Image-text web data:
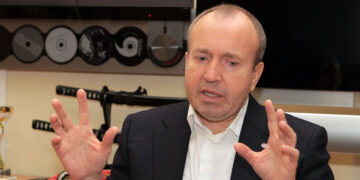 Владельца ГК «Тон-Авто» Александра Курылина разыскивают правоохранители. Что ждет его бизнес?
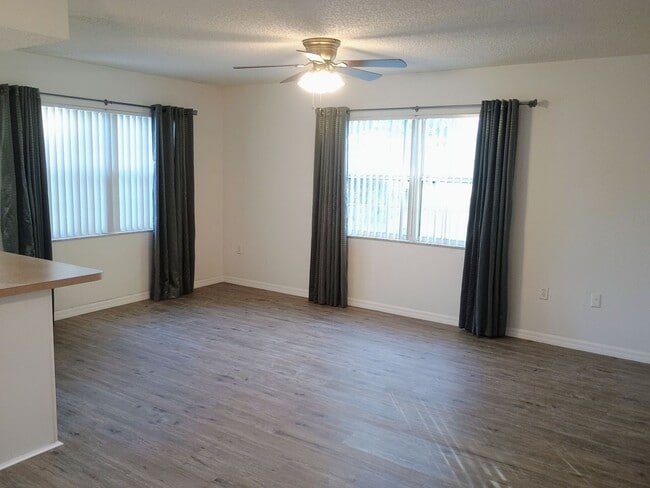 Building Photo - 2 bedroom 2 bathroom home with a screened in porch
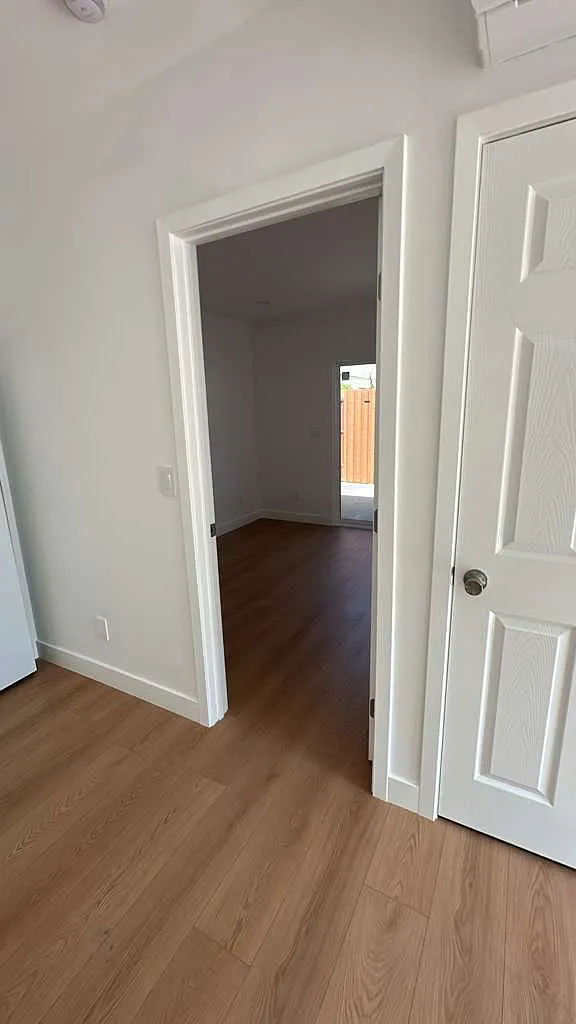 1 bed, 500 sqft, $2,450 — Photo 3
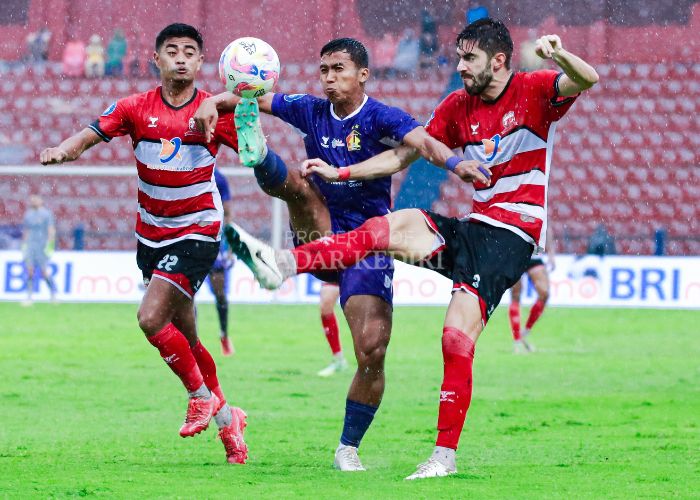 KERJA KERAS: M. Khanafi beradu dengan pemain Madura United.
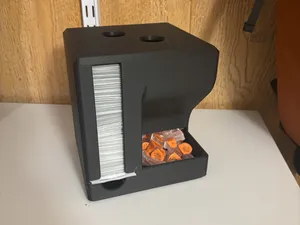 The Pepperbox - Alcohol pad + pen needle dispenser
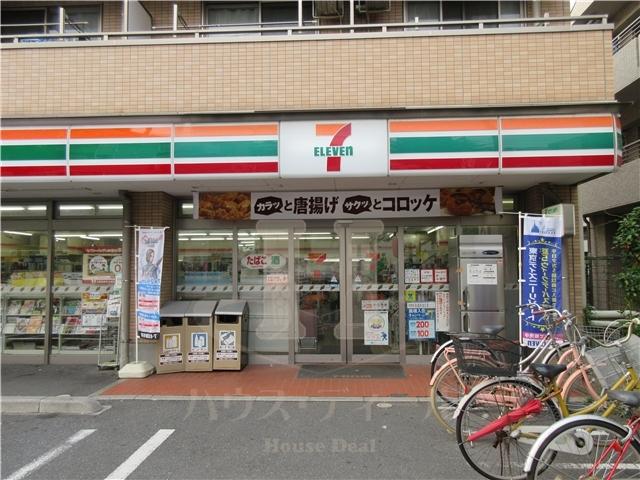 コンビニ　セブン-イレブン高島平駅前店（コンビニ）まで59m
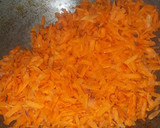 கேரட் ஹல்வா ரப்டி இன் ஹானி டிராப் பவுல்(carrot halwa rabdi in honey drop bowl recipe in tamil) ரெசிபி ஸ்டேப் 2 புகைப்படம்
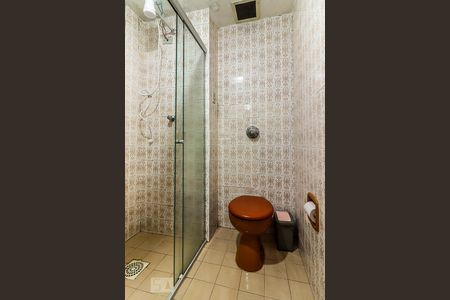 Banheiro de apartamento à venda com 1 quarto, 50m² em Farroupilha, Porto Alegre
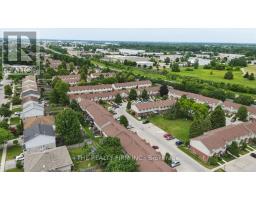 60 - 151 MARTINET AVENUE - 43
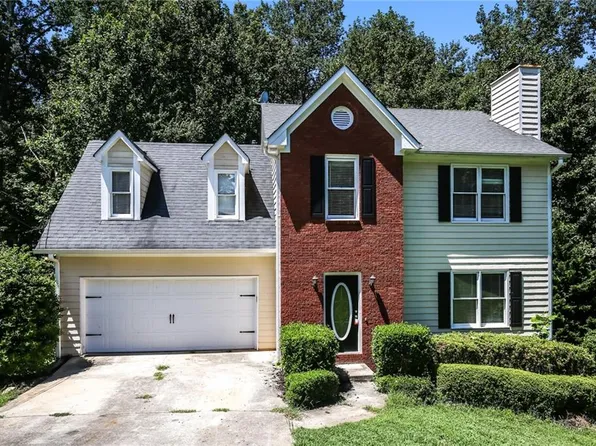 5697 Frontier Walk Ln, Buford, GA 30518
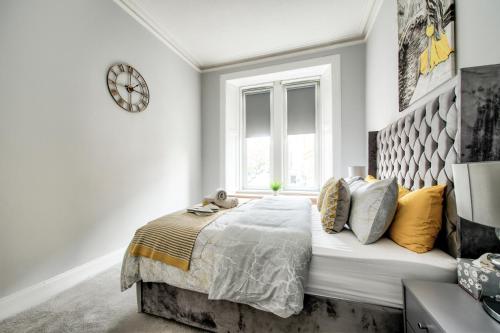 Two Bed Stylish Apartment in Heart of West End 2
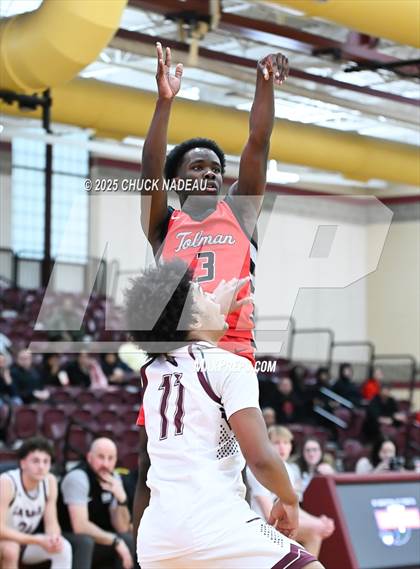 Thumbnail 1 in La Salle Academy vs. Tolman (RIIL State Elite 8) photogallery.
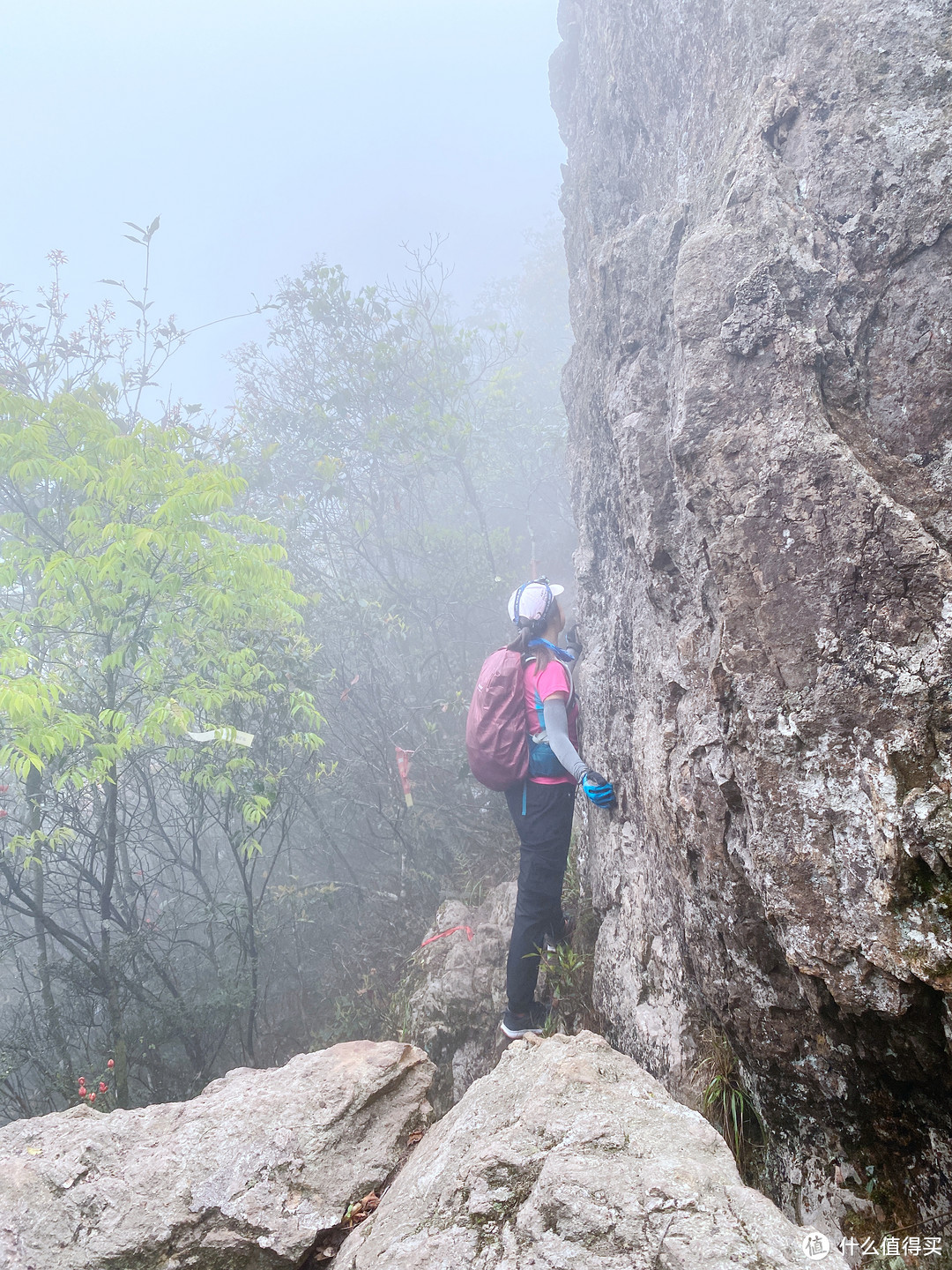 从黑夜到白天，登顶广东“小华山”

Work item: Print all entries exactly. The images do not belong in the copy.

Answer to this exercise:
 Владельца ГК «Тон-Авто» Александра Курылина разыскивают правоохранители. Что ждет его бизнес?
 Building Photo - 2 bedroom 2 bathroom home with a screened in porch
 1 bed, 500 sqft, $2,450 — Photo 3
 KERJA KERAS: M. Khanafi beradu dengan pemain Madura United.
 The Pepperbox - Alcohol pad + pen needle dispenser
 コンビニ　セブン-イレブン高島平駅前店（コンビニ）まで59m
 கேரட் ஹல்வா ரப்டி இன் ஹானி டிராப் பவுல்(carrot halwa rabdi in honey drop bowl recipe in tamil) ரெசிபி ஸ்டேப் 2 புகைப்படம்
 Banheiro de apartamento à venda com 1 quarto, 50m² em Farroupilha, Porto Alegre
 60 - 151 MARTINET AVENUE - 43
 5697 Frontier Walk Ln, Buford, GA 30518
 Two Bed Stylish Apartment in Heart of West End 2
 Thumbnail 1 in La Salle Academy vs. Tolman (RIIL State Elite 8) photogallery.
 从黑夜到白天，登顶广东“小华山”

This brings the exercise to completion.